Gabas: reforma recria o trabalho infantil de forma brutal!
PHA: Eu vou conversar agora com Carlos Gabas, que foi Ministro da
Previdência duas vezes no Governo Lula e uma vez no Governo Dilma. Ministro,
qual é o impacto dessa medida da Reforma da Previdência apresentada pelo
Governo e que faz com que só receba a Previdência integral quem completar 49
anos de contribuição?
Carlos Gabas: O impacto é
muito pesado, muito forte sobre os trabalhadores, especialmente aqueles mais
pobres, que têm menor qualificação, menor salário e que começam muito cedo no
mercado de trabalho. A transição que foi colocada é muito dura. Na verdade, não
teve nenhuma discussão com a sociedade. Ela abrange de uma maneira muito ampla
o universo previdenciário. O que tem que ficar bem claro é que nós não estamos
falando de uma parcela rica da população, mas de pessoas pobres. A Previdência
paga salários de até R$ 5.189. Eu não posso dizer que uma família que tem essa
renda é rica. E, na sua grande maioria, mais de dois terços dos benefícios da
Previdência, dos mais de 34 milhões de benefícios, são de um salário mínimo:
então, estamos falando de gente pobre! Isso significa que, ao fazer uma
modificação dura como essa, você está penalizando a parte mais pobre da
população.
PHA: Você podia dar uma ideia do impacto das regras de transição ?

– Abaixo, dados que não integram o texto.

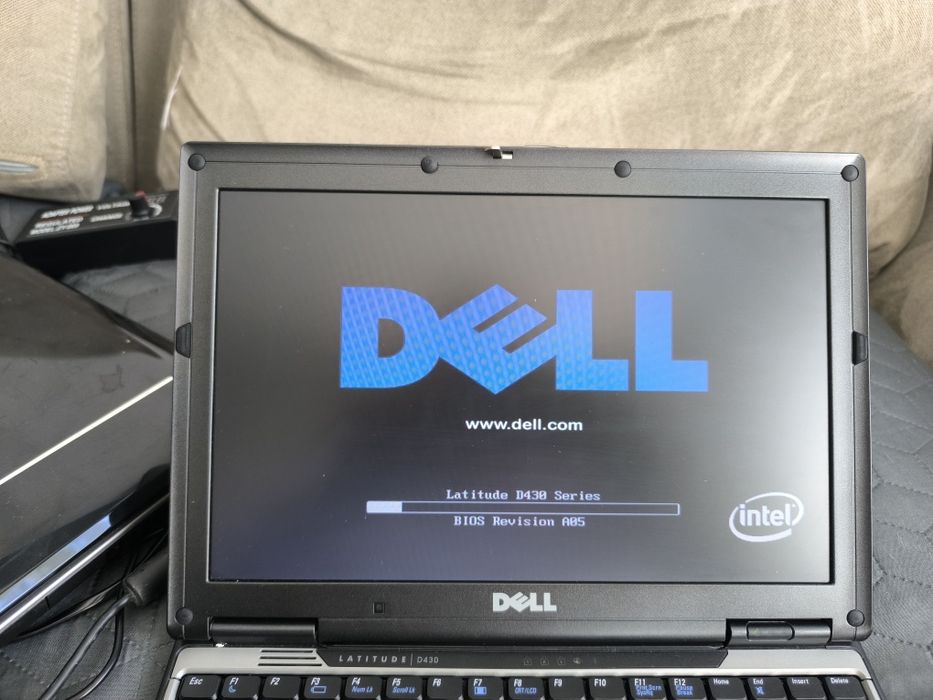 Лаптоп Dell , компютър Dell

Lembrando que a proposta apresentada institui como regra de transição o
pedágio de 50% sobre o tempo de contribuição para quem está perto de se
aposentar, – homens acima de 50 anos e mulheres acima de 45 –, o que põe fim à
fórmula 85/95.
CG: Nós trabalhávamos,
primeiro, com uma compreensão de que nós estamos lidando com gente pobre.
Segundo, que é uma política social que distribui renda, que trabalha com o
bem-estar da sociedade. Então, qualquer mudança de regra é sensível para as
pessoas. A transição de uma regra para outra deve ser suave. Vamos pegar uma
trabalhadora de 44 anos que já tinha 29 de contribuição - faltava um para ela
se aposentar: ela vai se aposentar agora só aos 65 anos de idade! É uma virada
de mesa muito grande para cima de inúmeros trabalhadores.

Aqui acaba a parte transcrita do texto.